Activision releases a new Call of Duty just about every year. Every time its more or less the same game, sure the explosions get prettier and all that, but in essence its the same game. Yet still 18 million copies of Call of Duty: Black Ops where sold (which grosses about $818 million). Do you believe 18 milion people got shafted, and will be shafted every year? Sure you could descibe it as a re-release and people get screwed over by buying at again and again. But if they werent satisfied with the last game they wouldnt buy the next. So, the way i see it is its just a franchise with a loyal following that enjoys to play the new game every year. I sincerely believe that if someone did not enjoy the previous 2 COD games they wouldnt buy the next one. Which basicly means people like COD, eventhough i dont.
My post was exaggerated and naive on purpose (read above). I never said I hate SC2, but what I miss in it is Blizzard's known innovation that you cite. That and the fact that I will have to buy 2 expansions with predominantly singleplayer content I dont care about just to be able to continue playing multiplayer. Oh, and the fact that they have become so greedy that they dont let you have multiple accounts, free namechanges or play cross server because you could somehow buy the game cheaper in china. Bnet 0.2 doesnt have clan features, didnt have chat channels for quite some time and the dnd doesnt really block traffic so you can get spammed during tournaments. Some of this stuff would be really easy to implement, they just dont do it because they are too greedy. I still bought the game, like it and play it, but it lacks on innovation and polish.
I kinda like the expansion model tbh, you should also consider what good it brings. For one, you wouldnt be playing now if they decided to release the game in one go, the singleplayer would still be in development. Also, what i like most, is that they can revise the game's balance, add and remove units to keep it fresh.
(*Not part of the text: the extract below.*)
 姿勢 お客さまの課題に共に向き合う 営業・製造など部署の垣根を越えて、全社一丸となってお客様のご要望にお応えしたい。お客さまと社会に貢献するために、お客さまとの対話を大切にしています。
Sure there is a price tag, but in my opinion well worth it. I actually think multiple characters per b.net account was a feature once, or will be a feature in the future just because there still is some sort of character selection screen after you log in. Those could be remnants of an alpha feature. We shouldnt judge whether features are easy to implement or not, Blizzard's wonderful employers are the only ones that can do that. Either way, they decided not to prioritise implementing/improving some of the things you mentioned. As you might have noticed they are still hard at work at some features, and new features will be added. Chat channels where added, they have some crazy plans about a map-market and i'm sure there will be lots of more awesome stuff coming expansions. Sure some features are missing, and i'd like to see them implemented (watching replays together anyone?), however as the game is now its well worth my money in my opinion. It lacks innovation as in, its not a completely new franchise star1 was, but i find it (compared to other games) a pretty innovative and polished games. But you know, that just like my opinion man.
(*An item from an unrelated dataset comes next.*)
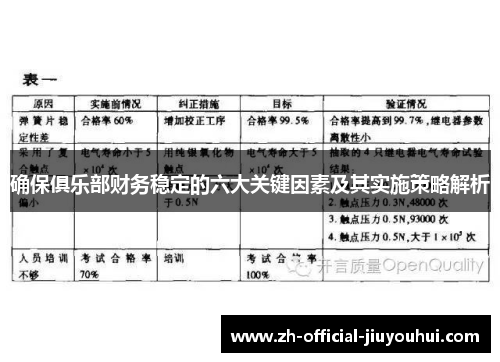 确保俱乐部财务稳定的六大关键因素及其实施策略解析
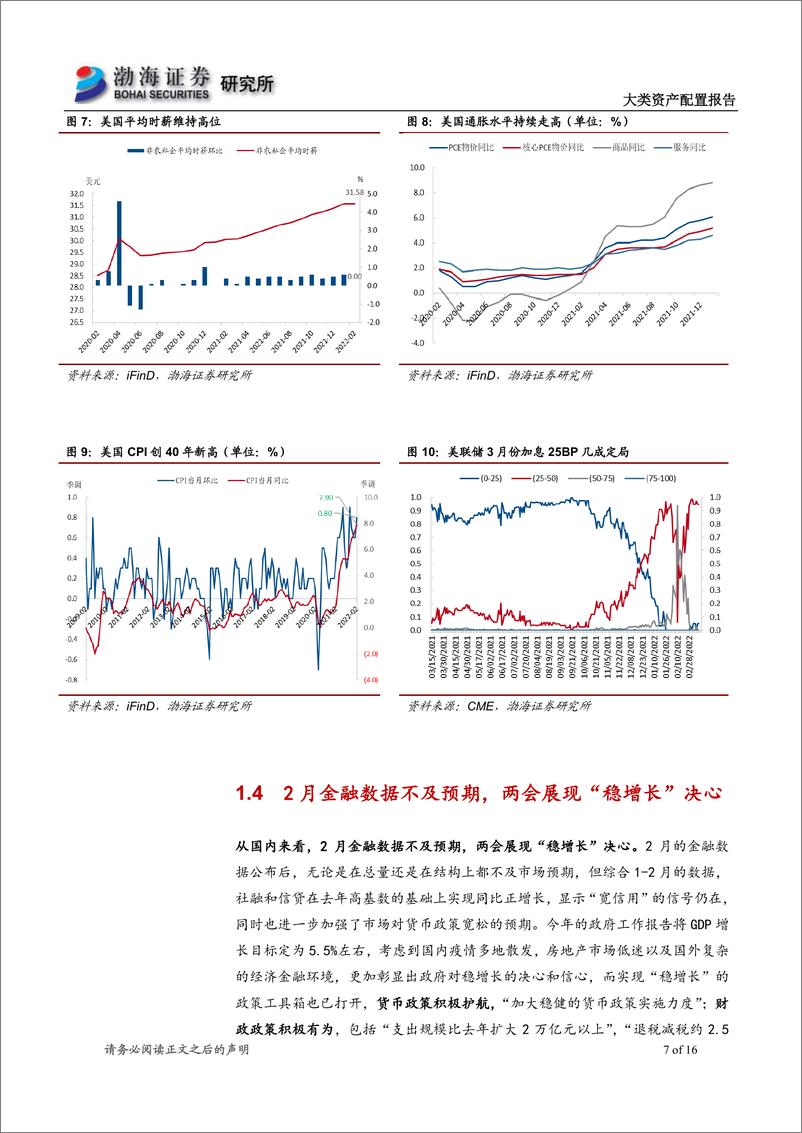 《2022年3月大类资产配置报告：俄乌冲突局势缓和，A股市场迎配置机会-20220315-渤海证券-16页》 - 第8页预览图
Of course you don't get rich. The question is if you rather want to be rich or do the stuff you wanna do. If it works out both then awesome, if not, you have to decide. When you pick both you have to balance them too. I'm sure David Kim and his team would have wanted another 5 years to balance the game perfectly, but it has to ship at some time. Luckily in this business you get rich by making good products, because customers buy good products.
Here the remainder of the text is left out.